The songs that belonged to us were Mary Jane's Last Dance by Tom Petty and Gimme One Reason and Revolution by Tracey Chapman. Over the course of less than a week, we grew attached to those songs and just the simple act of playing whatever came to mind for hours at a time.
Of course, after playing music and making whatever meager money we could, it would be time to explore Weimar's crazy nightlife, ranging from smokey hole-in-the-wall bars full of college students to smokey hole-in-the-wall bars full of young adults. Of course, there was always also my favorite activity of spending hours talking to Anne and her friends Maria and Stefanie until the sun began to come up at 3 in the morning and we'd all walk home.
Or last night, when we all went to a slightly less smokey salsa club and Anne taught me to dance salsa until the sun came up at 3 in the morning.
Today was the last day I might ever see Anne Heisig. I met her at our bench on Schillerstrasse. We played our songs and didn't make any money, but it didn't matter. Anne was leaving for France today and I for Dresden. In our last two hours, we practiced our tradition of getting Doeners, then we walked all the way to the Weimar Hauptbahnhof (main train station). I had dozens of opportunities along the way to take the bus back toward Ehringsdorf and get packed, but every second I spent would never be able to be spent again.
Strange - Weeks ago, when I was worried about leaving for Germany, I had a dream in which I met a girl.
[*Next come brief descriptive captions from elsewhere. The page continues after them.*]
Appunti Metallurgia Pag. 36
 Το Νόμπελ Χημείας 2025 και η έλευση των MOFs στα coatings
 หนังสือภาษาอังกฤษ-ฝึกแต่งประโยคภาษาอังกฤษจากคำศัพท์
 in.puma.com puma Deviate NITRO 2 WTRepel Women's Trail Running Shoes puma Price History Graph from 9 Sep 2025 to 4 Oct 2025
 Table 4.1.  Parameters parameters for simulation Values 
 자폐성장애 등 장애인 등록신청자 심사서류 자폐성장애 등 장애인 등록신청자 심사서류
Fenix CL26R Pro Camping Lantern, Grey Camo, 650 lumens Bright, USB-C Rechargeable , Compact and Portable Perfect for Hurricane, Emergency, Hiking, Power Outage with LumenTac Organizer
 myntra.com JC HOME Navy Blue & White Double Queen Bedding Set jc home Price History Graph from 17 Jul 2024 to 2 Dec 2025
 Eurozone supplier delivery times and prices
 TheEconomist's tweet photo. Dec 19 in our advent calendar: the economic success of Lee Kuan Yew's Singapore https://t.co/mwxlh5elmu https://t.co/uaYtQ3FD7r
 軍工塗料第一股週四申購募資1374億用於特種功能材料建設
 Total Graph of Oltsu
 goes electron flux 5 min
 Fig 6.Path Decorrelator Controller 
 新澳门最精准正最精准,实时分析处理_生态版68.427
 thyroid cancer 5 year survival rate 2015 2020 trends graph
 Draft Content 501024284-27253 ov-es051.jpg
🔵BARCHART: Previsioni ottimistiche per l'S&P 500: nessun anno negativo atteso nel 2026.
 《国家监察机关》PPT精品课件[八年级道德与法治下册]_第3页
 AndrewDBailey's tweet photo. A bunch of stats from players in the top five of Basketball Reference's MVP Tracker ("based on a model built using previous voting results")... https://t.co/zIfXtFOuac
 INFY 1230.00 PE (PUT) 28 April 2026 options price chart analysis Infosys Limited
It was frantic- I was running from a gang or something at the time for some reason, but she started running too. After a long time of talking while flat-out sprinting (isn't it great how you don't get exhausted in dreams?), I asked her what her name was.
"Hannah heiss ich."
That phrase (Hannah is my name) sounds almost exactly like the name Anne Heisig pronounced in German.
I was relieved when I missed my bus back from the Weimar Hbh. I had another 15 minutes to see Anne off. I put my bag down, took her hands, and hugged her. She told me she'd think of me whenever she hears a harmonica. She hugged me tighter. I kissed her on the cheek. We came out of the hug and I gave her the flower. She took my hands and I looked into her light blue eyes, and with a smile and sort of a half-wink, through tearing eyes, she said "Mach's gut."
Last week, I found my heart on a bench on Schillerstrasse. But this morning, I watched it leave on a train for France. As I sit on the train to Dresden, writing this, I can almost feel specifically the fact that she took these tracks just hours before. But right now, I'm looking forward to getting a guitar in Munich and playing those songs again. Anne may have taken a little of my heart, but she let me keep my soul.